【エルサレム共同】イスラエル軍は親イラン民兵組織ヒズボラを掃討するためレバノン南部に地上侵攻した。軍が1日、発表した。対象を絞った「限定的」な作戦と主張している。侵攻は2006年7月以来、約18年ぶり。イスラエル軍は同日、イランがミサイルを発射したと発表した。昨年10月に始まったパレスチナ自治区ガザの戦火が拡大した。大規模な地域紛争に発展する恐れが一気に高まり、中東情勢は重大局面を迎えた。

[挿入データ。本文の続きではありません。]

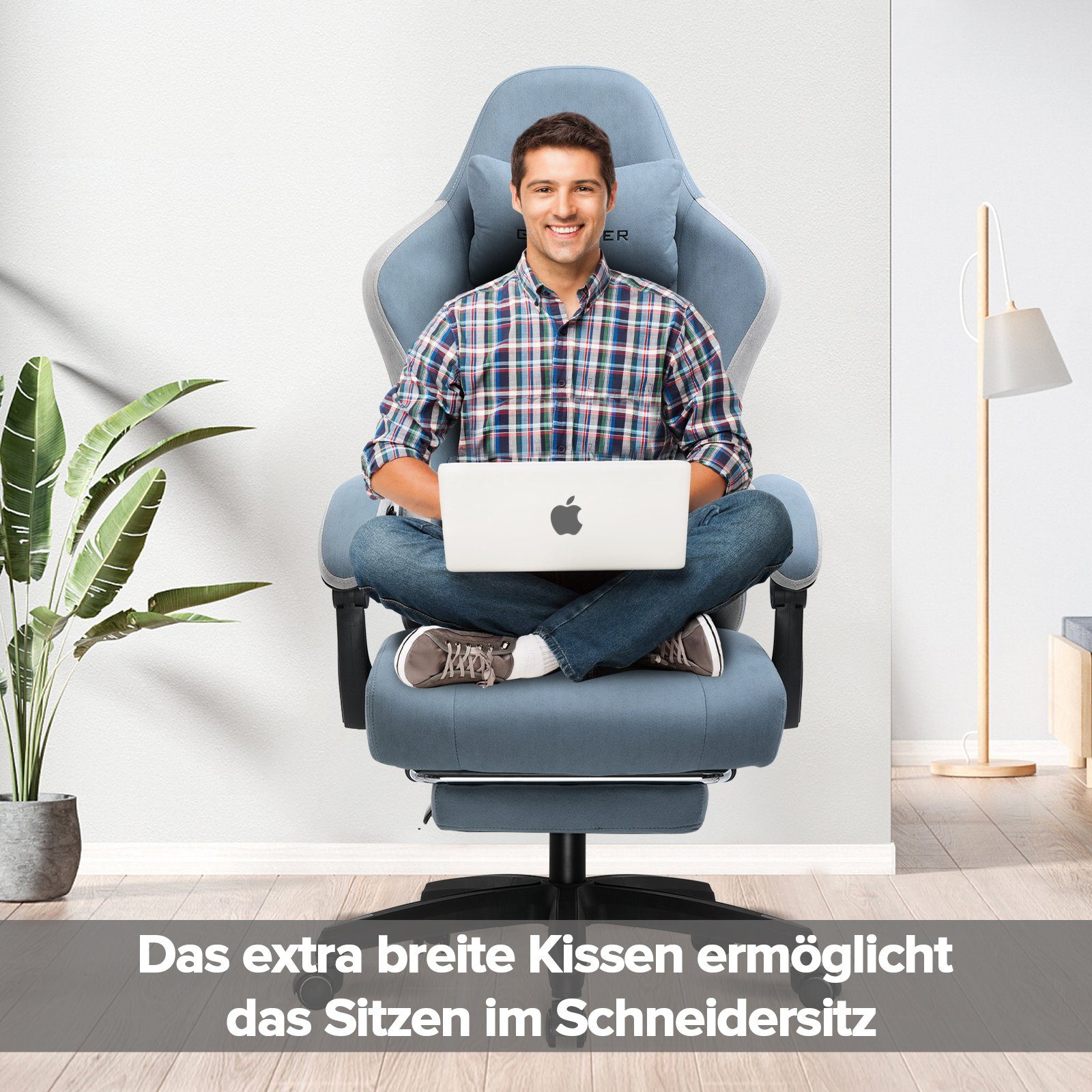 GTPLAYER Gaming-Stuhl Ergonomischer Gaming Sessel Schreibtischstuhl günstig online kaufen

ロイター通信は1日、米政府高官の話として、イランがイスラエルに対して弾道ミサイル攻撃を近く実施する準備をしている兆候があると報道。イスラエル軍報道官は「防空システムの準備は万全だ」と強調していた。
軍報道官は1日、レバノン南部で激しい戦闘が起きていると、X(旧ツイッター)で明らかにした。ヒズボラは応戦する構えで、イスラエル中部テルアビブにある対外特務機関モサド本部を標的にロケット弾を発射したと主張した。地元メディアは破片でけが人が出たと報じた。
米国防総省によると、オースティン国防長官は9月30日、イスラエルのガラント国防相と電話会談し、レバノン国境付近にあるヒズボラの「攻撃用のインフラ」を破壊する必要性で一致した。ヒズボラはレバノン南部に地下トンネルを張り巡らせている。
イスラエル軍報道官は10月1日、各国がヒズボラを国境地帯から撤退させられないなら「われわれがやるしか選択肢はない」と侵攻を正当化。軍はレバノン南部にある25以上の村の住民に北へ退避するよう要求し「ヒズボラが利用している住宅」などに対する広範囲の攻撃を示唆した。予備役の追加招集も発表した。ネタニヤフ首相は「イランの悪の枢軸に対する戦いの最中だ。共に試練の日々に立ち向かおう」と国民に呼びかけた。
イスラエル軍はレバノンの首都ベイルート南部などへの空爆も続行。レバノン保健当局の1日未明の発表によると、過去24時間で95人が死亡、170人以上が負傷した。
軍は9月中旬からレバノン空爆を激化させ、ヒズボラの指導者だったナスララ師らを殺害した。